# Rudeness, threats make the Web a cruel world



## Scott (Jul 31, 2007)

Rudeness, threats make the Web a cruel world


----------



## jbergsing (Aug 1, 2007)

It's a sad reality. Janet Kornblum misses the bigger picture, of course. The ugliness of today's "cyberworld" clearly demonstrates the extent of the depravity of our fallen world but it is an interesting piece, nonetheless. 

Fortunately our board doesn't permit annonymity so such problems (theoretically) should not occur here. This is one of the policies that attracted me to PB.


----------



## Semper Fidelis (Aug 1, 2007)

Yeah, we have our rancor and rudeness (including me at times) but I really love the atmosphere here in general.

I used to frequent a Web Hosting forum and check in occasionally. I had interacted in the "Lounge" but it's simply maddening.

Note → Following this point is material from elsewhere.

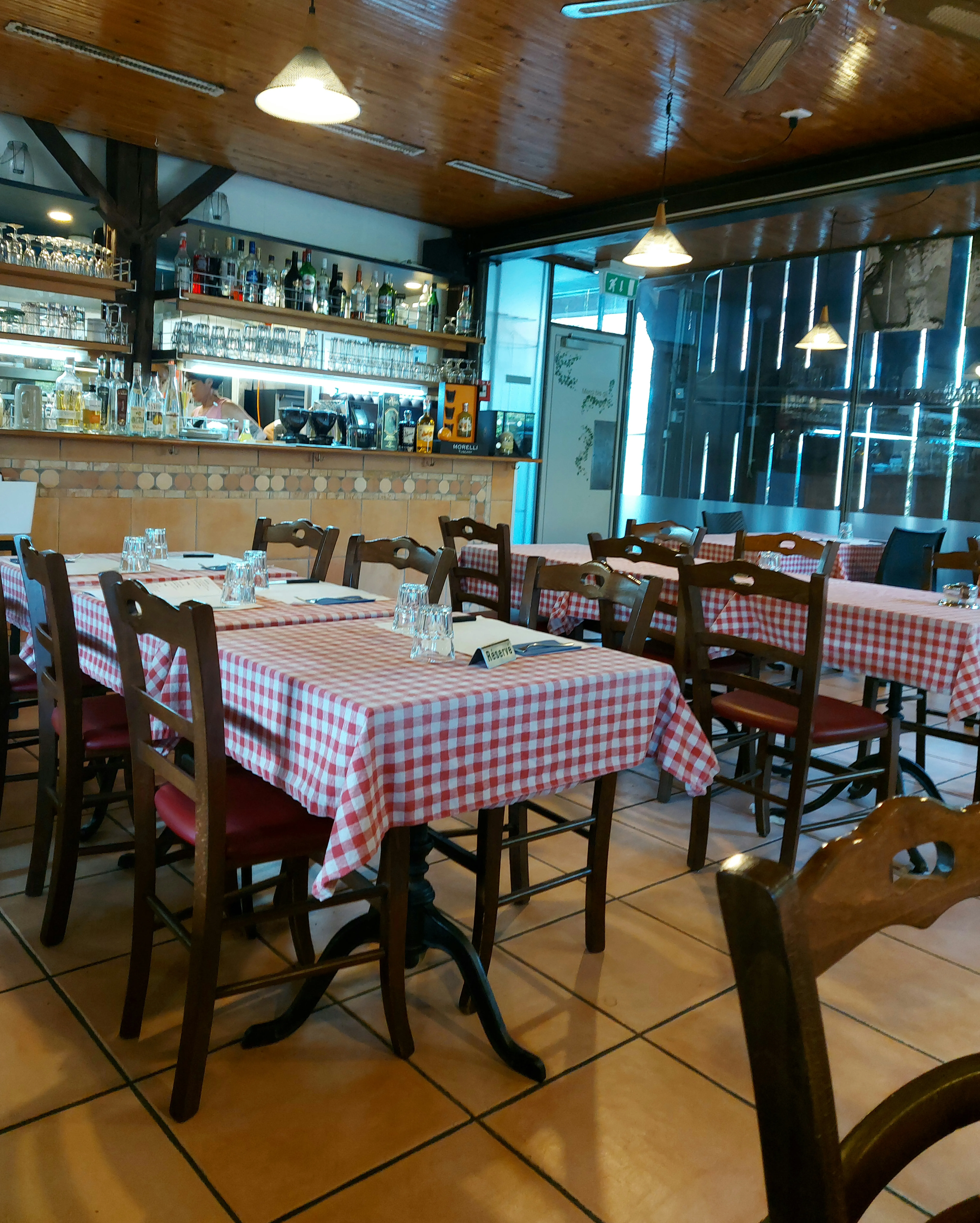 Innenraum der Osteria da Santo in Bümpliz mit Holzwänden und rustikalen Tischen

Most forums like that are actually filled with young teens or extremely rude people. 

I recently piped in to answer a fellow's technical question. It turns out this guy was about 60. I dispassionately asked him to be more precise in what his specific complaint was and he snapped back at me as being uninformed. I politely asked him again and he was incredibly rude in reply.

My biggest problem in forums is my real world job. You simply won't find an organization that will eat your lunch more if you shoot from the hip and are caught on it. We'll spend months planning for things to try and anticipate everything that can go wrong. We have meeting after meeting in which assumptions are challenged, pointed questions are asked, and people are regularly personally chided for being unprepared. It's literally like swimming with the sharks but once you know how to do your job and your homework you do OK.

Then you go on the Net and anybody with a computer and an Internet connection is suddenly offering their opinion.

And they live in a society that tells them that their opinion is valuable because, after all, everyone needs to be _affirmed_. Nobody is told, any more, to sit down and that they haven't yet earned the right to have their opinions heard.

Thus the Internet is a wasteland of the moronic.


----------



## ReformedWretch (Aug 1, 2007)

> Thus the Internet is a wasteland of the moronic.



I've learned this the hard way at other forums.


----------



## ReformedWretch (Aug 1, 2007)

Rich

I sort of took your thoughts here (in my words) to another forum where I encounter younger, rude posters and here is a response I got from the forum owner. (He doesn't care if I post it here)

I, for one, hope to never get to a stage in my life where I feel justified "stifling" the opinion of youngsters, or make them afraid/embarrassed/uncomfortable voicing their opinion.

Do it respectfully, yes, of course.

But "sit down, you haven't earned the right to tell me what you think"? No sir.

That's a sure-fire way to disenfranchise youth, marginalize them, and potentially instill in them a weakness that they struggle with through their adult lives.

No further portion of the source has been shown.